Crawled caption data.
____________________
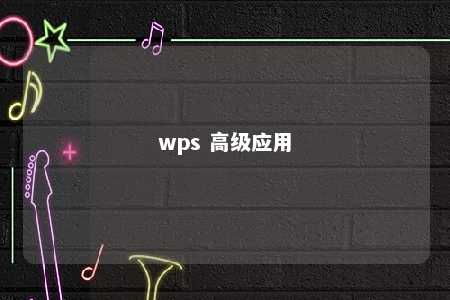 wps 高级应用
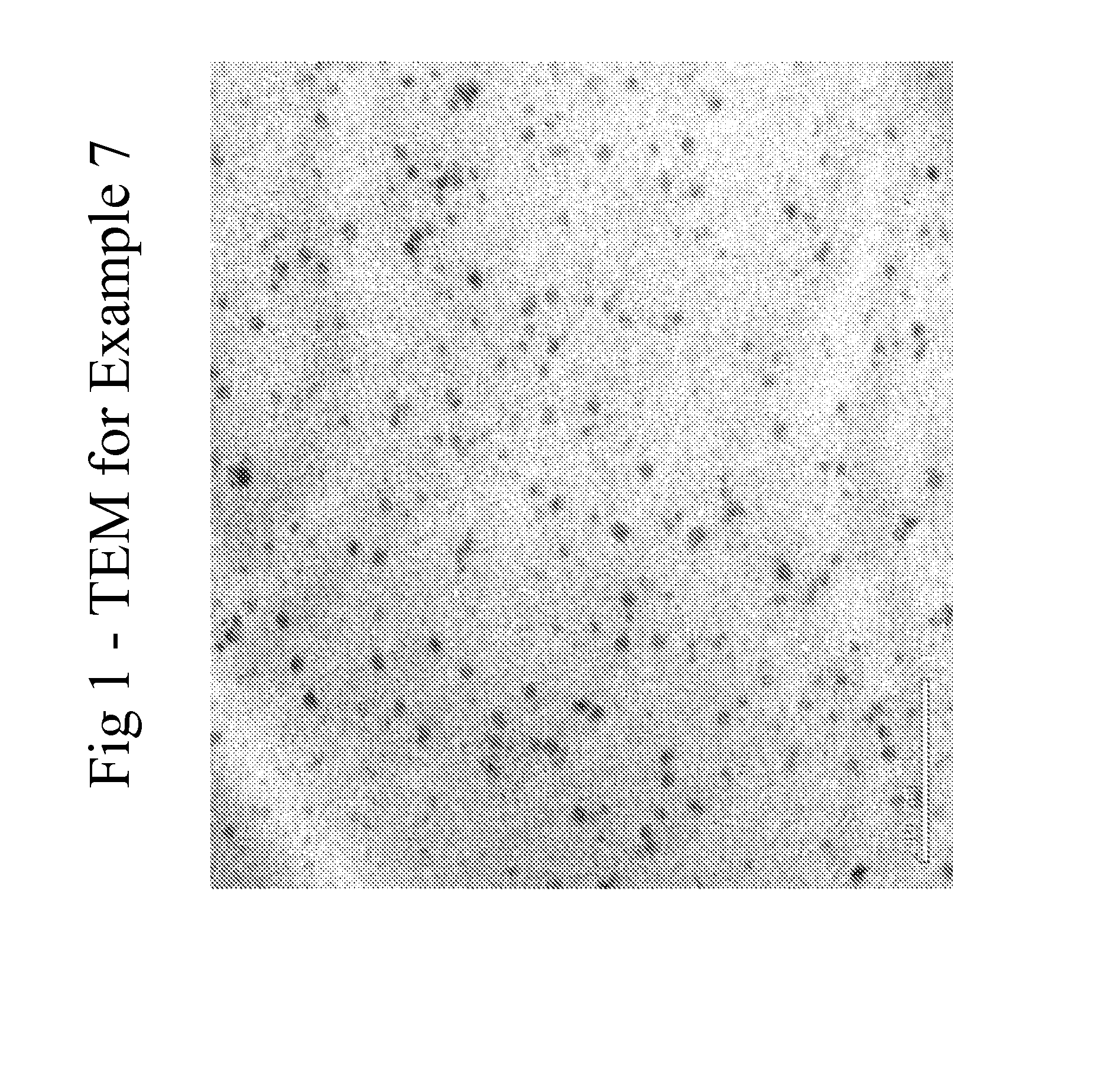 Method of making polycarbonate nanocomposites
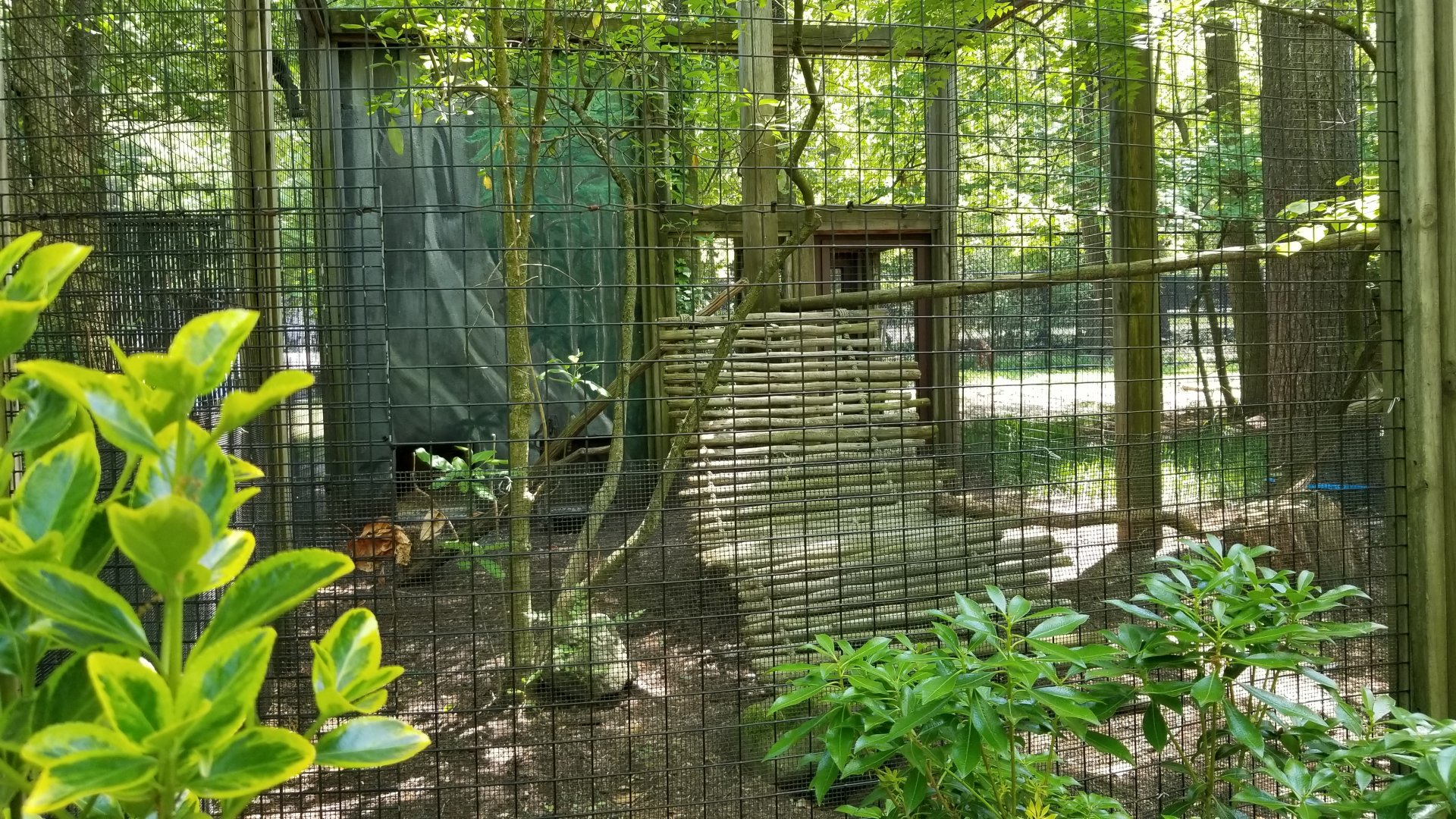 Bergen County Zoo - Ocelot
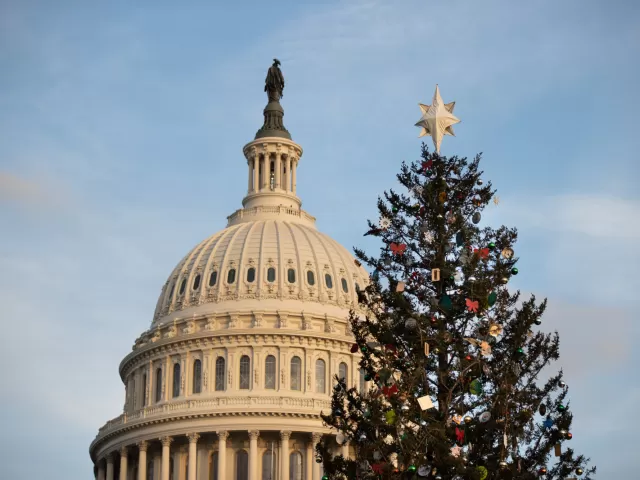 Capitol Dome, blue sky and Christmas tree.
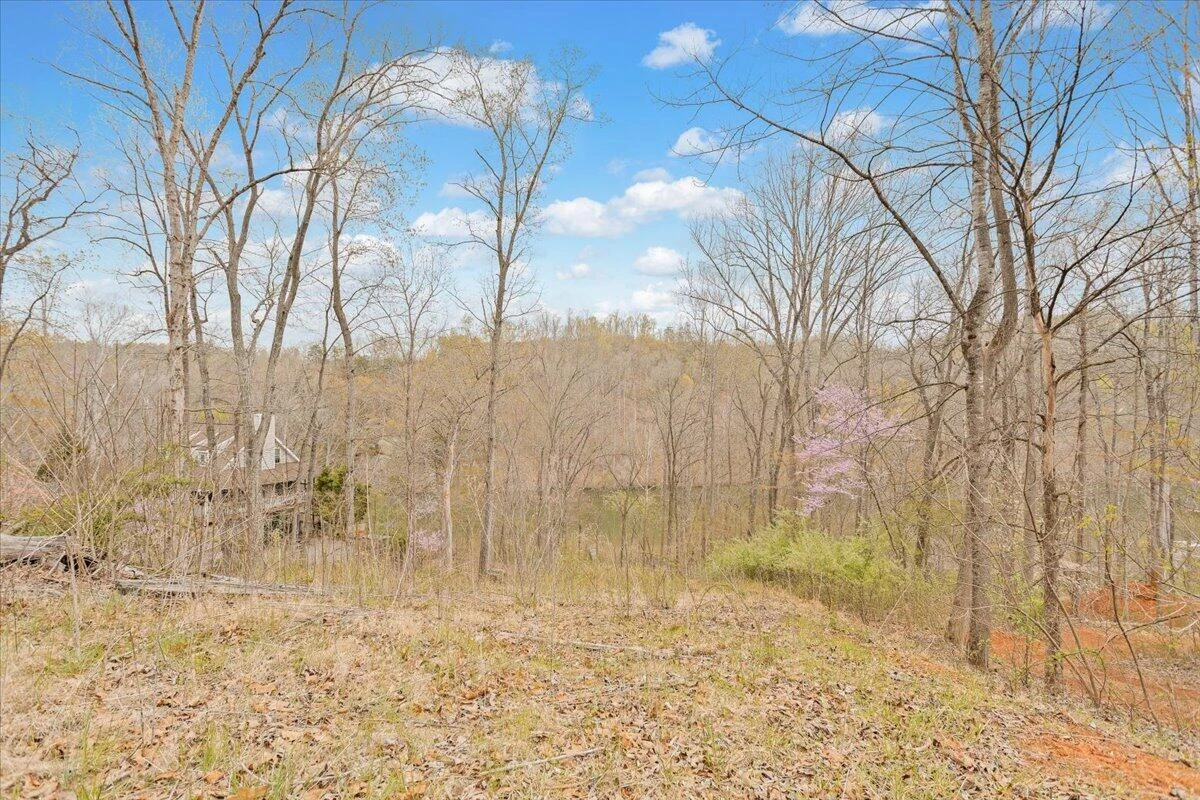 Lot 82 Lakeshore Terrace RD - Photo 12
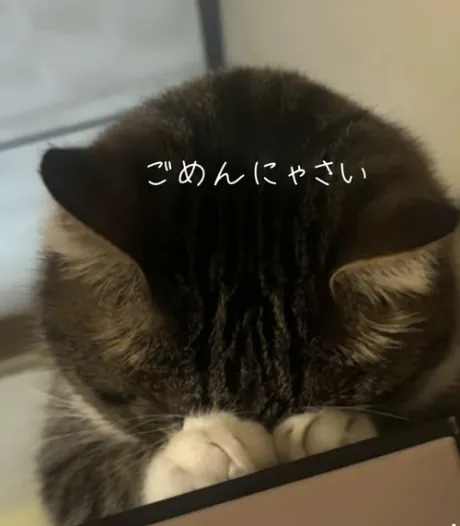 新人あおい【青森】のブログ おはようございます🙇‍♀️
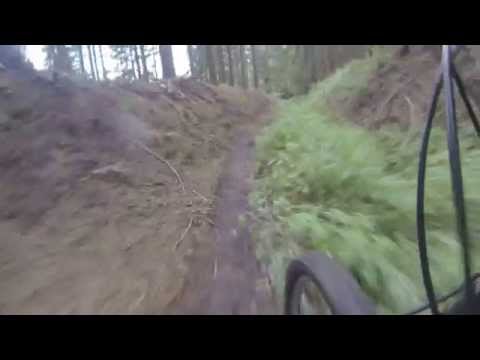 Mountenbike Tour Abfahrt von der Stifelhöhe in Abtsteinach im Odenwald 2013.06.08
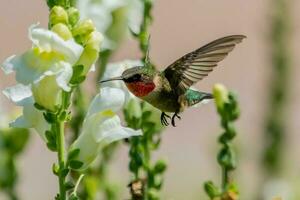 colibrí garganta rubí foto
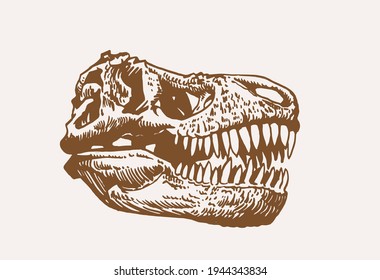 Grafischer Vintage-Schädel von Tyrannosaurus, sepia-Hintergrund, Vektorelement, anthropologische Fossilien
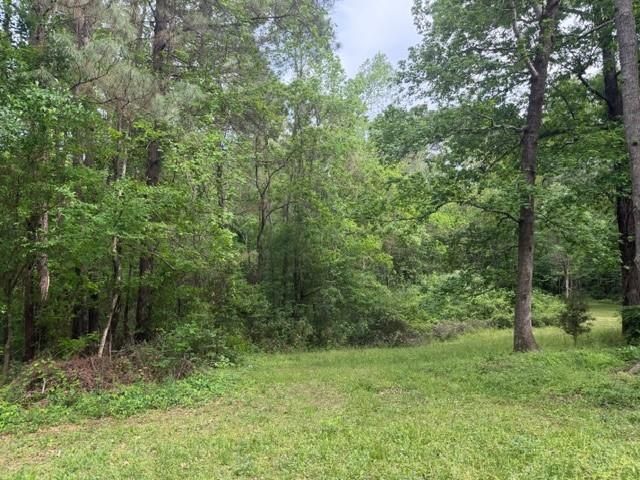 Lot 34 Gov Latham Circle, Point Blank, TX 77364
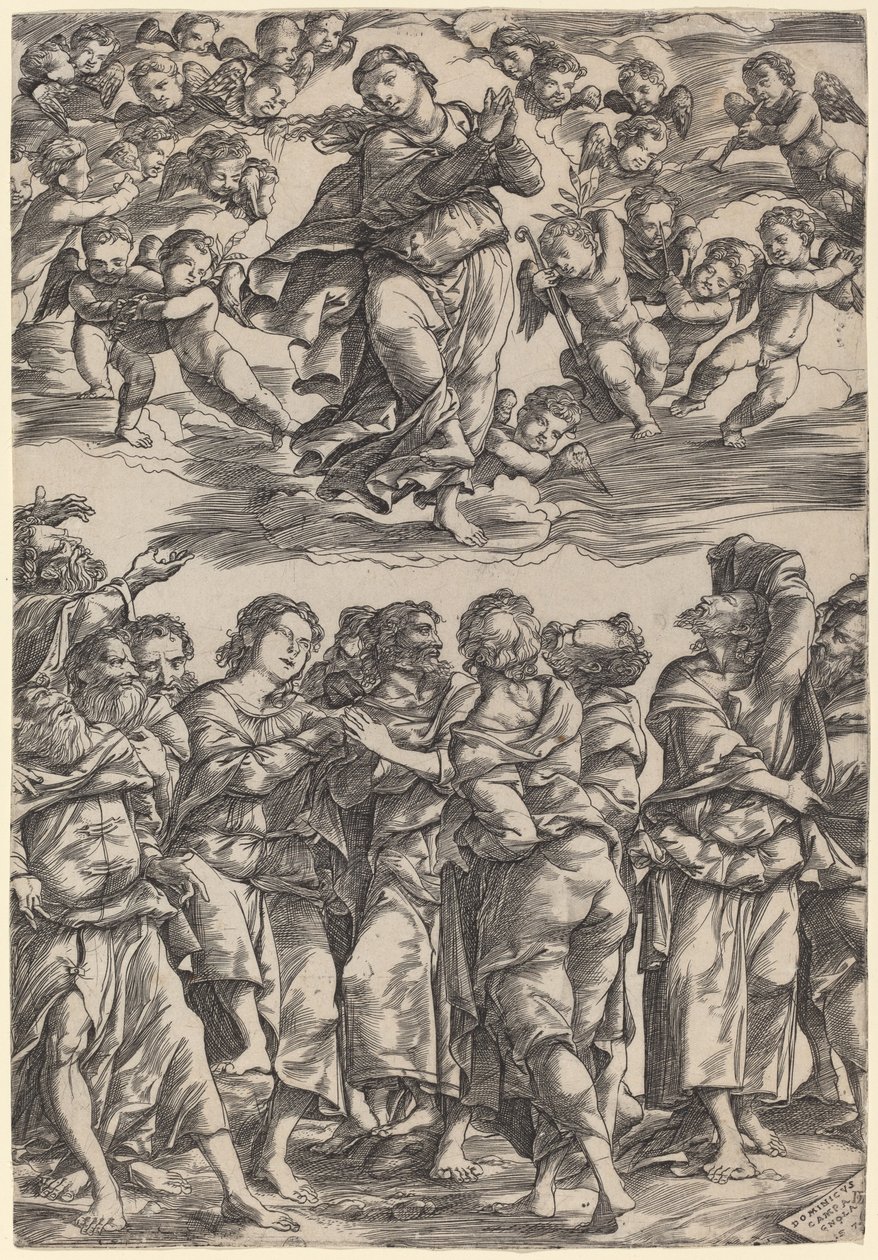 De Tenhemelopneming van de Maagd door Domenico Campagnola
____________________
WORK TASK.
Each line of the data above needs to be retyped as it is, without any picture.

YOUR SOLUTION.
 wps 高级应用
 Method of making polycarbonate nanocomposites
 Bergen County Zoo - Ocelot
 Capitol Dome, blue sky and Christmas tree.
 Lot 82 Lakeshore Terrace RD - Photo 12
 新人あおい【青森】のブログ おはようございます🙇‍♀️
 Mountenbike Tour Abfahrt von der Stifelhöhe in Abtsteinach im Odenwald 2013.06.08
 colibrí garganta rubí foto
 Grafischer Vintage-Schädel von Tyrannosaurus, sepia-Hintergrund, Vektorelement, anthropologische Fossilien
 Lot 34 Gov Latham Circle, Point Blank, TX 77364
 De Tenhemelopneming van de Maagd door Domenico Campagnola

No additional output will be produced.